One of the things I collect images of for my scrapbook is buildings I like the look of – doesn’t matter if it’s a one-room cottage or a vast palace complex, if I like it, I stick it in there. (I also like browsing real estate magazines for the perfect house, secure in the knowledge that it doesn’t exist and I will therefore never have to worry about how to pay for it.)
There was one picture, however, which I thought long and hard about before including in my scrapbook. It was from a magazine – the travel section. A handsome two-story brick building glows in the warm light of an autumn day. A large tree opposite the building balances it and reflects the autumn colouring. A large wrought-iron gateway stands in the foreground. It looks spacious and idyllic.
The fence seems a bit out of place here. Tall grey fence-posts, bent in at the top, wrapped in barbed wire. There are letters in the wrought-iron archway. They spell ARBEIT MACHT FREI – work makes you free.
This is the entrance to Auschwitz. Over a million people walked in those gates who never walked out again.
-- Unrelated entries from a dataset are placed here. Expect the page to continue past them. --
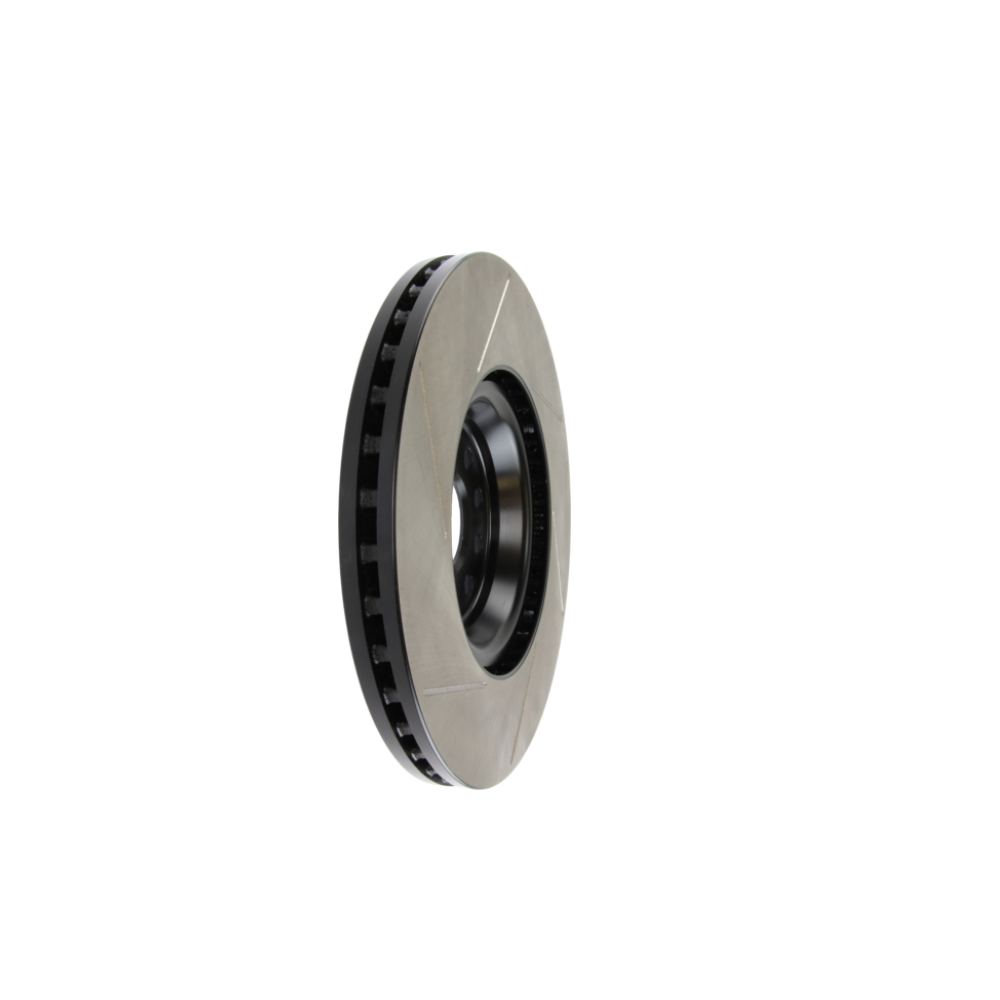 STOPTECH Front Rotors Slotted 340x30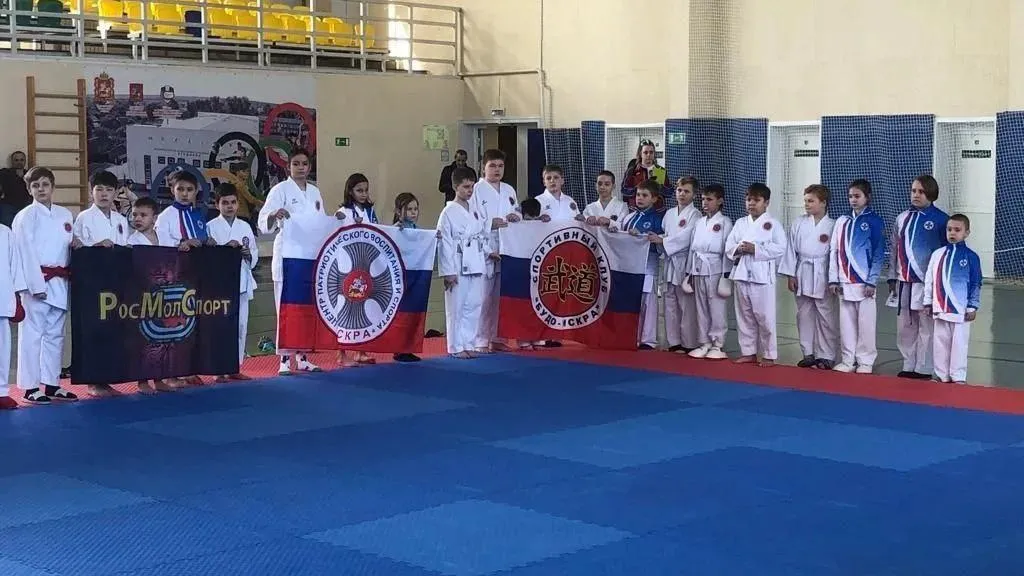 20 призовых мест заняли спортсмены Люберец на турнире по восточному единоборству
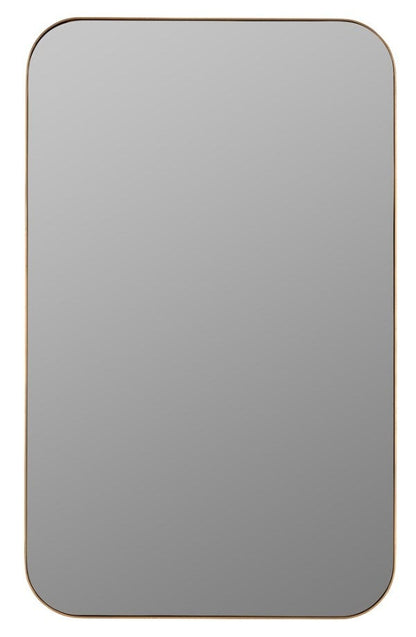 Hadley Seamless Medicine Cabinet - Gold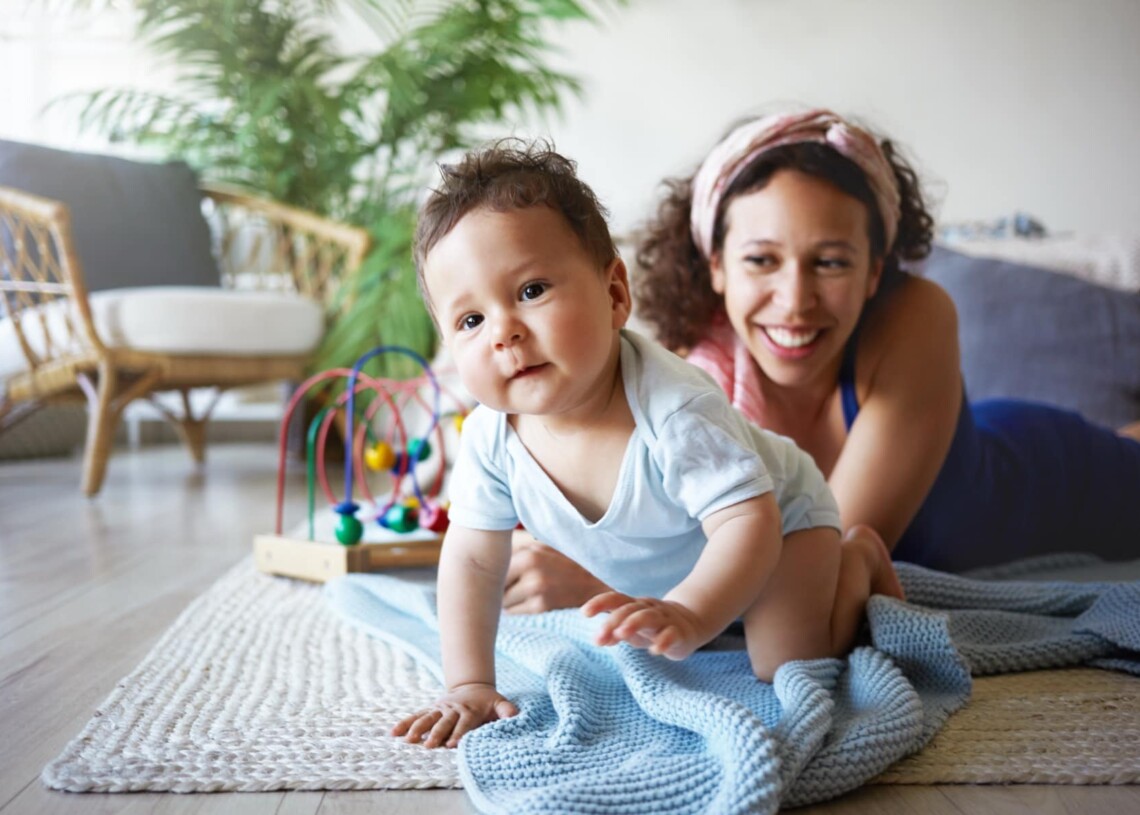 10 -12 Months Old Baby Development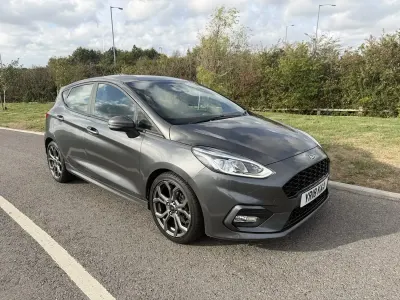 Used Ford Fiesta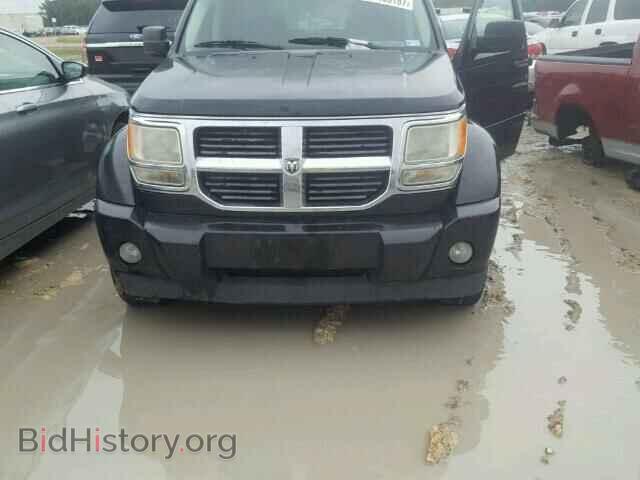 2007 DODGE NITRO - VIN: 1D8GT58K27W593295 - Фото 7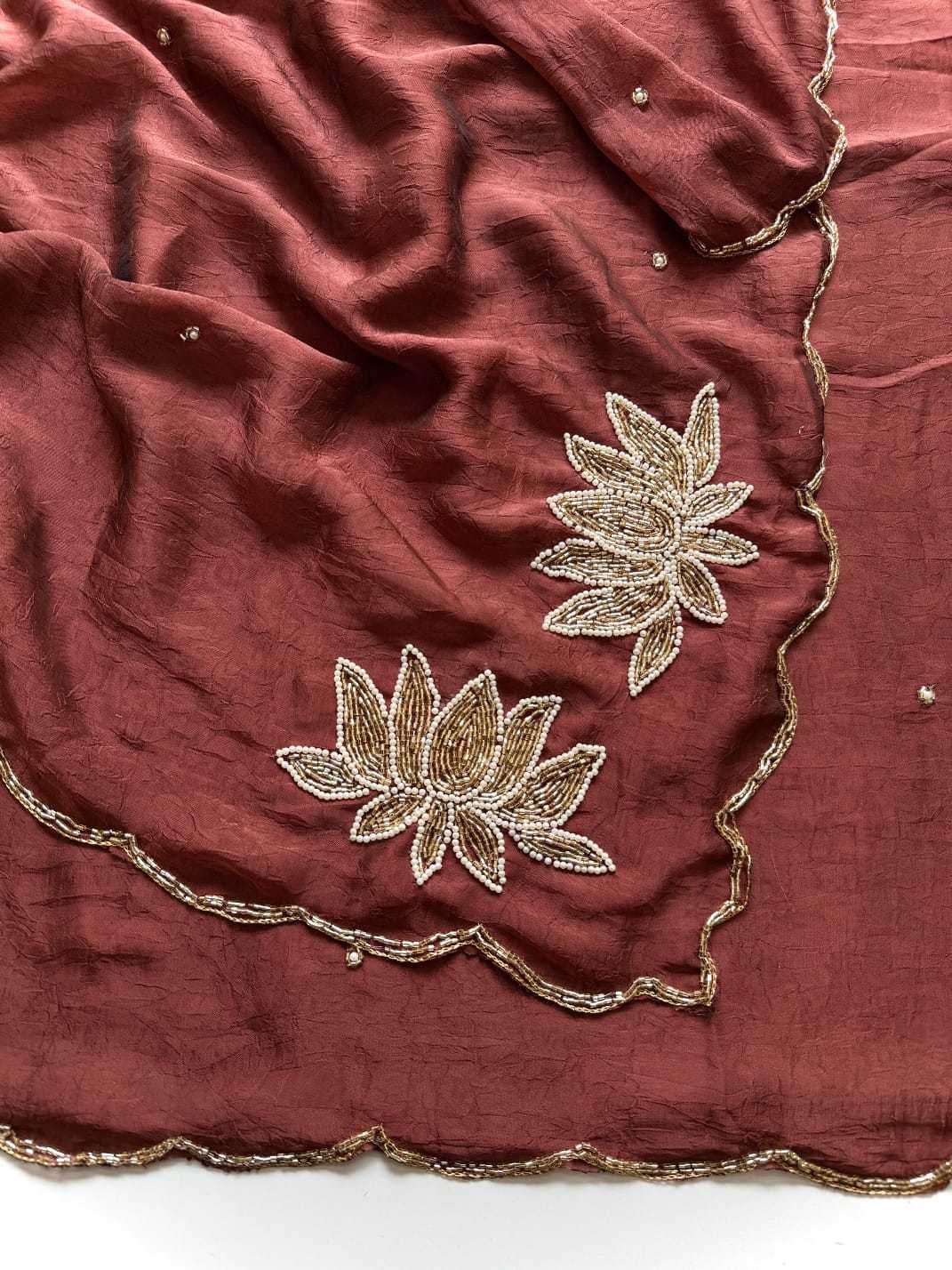 YNF Wholesale Rangoli Silk Hand Work Sarees KESH115 PURVI | Surat Manufacturer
But I put this picture in my scrapbook, all the same. I keep it there to remind me that looks can be deceiving, that the foulest evil can present the fairest face, and that the most handsome of buildings can nonetheless stand at the mouth of hell.
It reminds me not to place too much stock in what the home of my dreams might look like. For in truth, what we desire above all else for our home is something no cut-and-pasted clipping can display: to live in peace, loving and loved.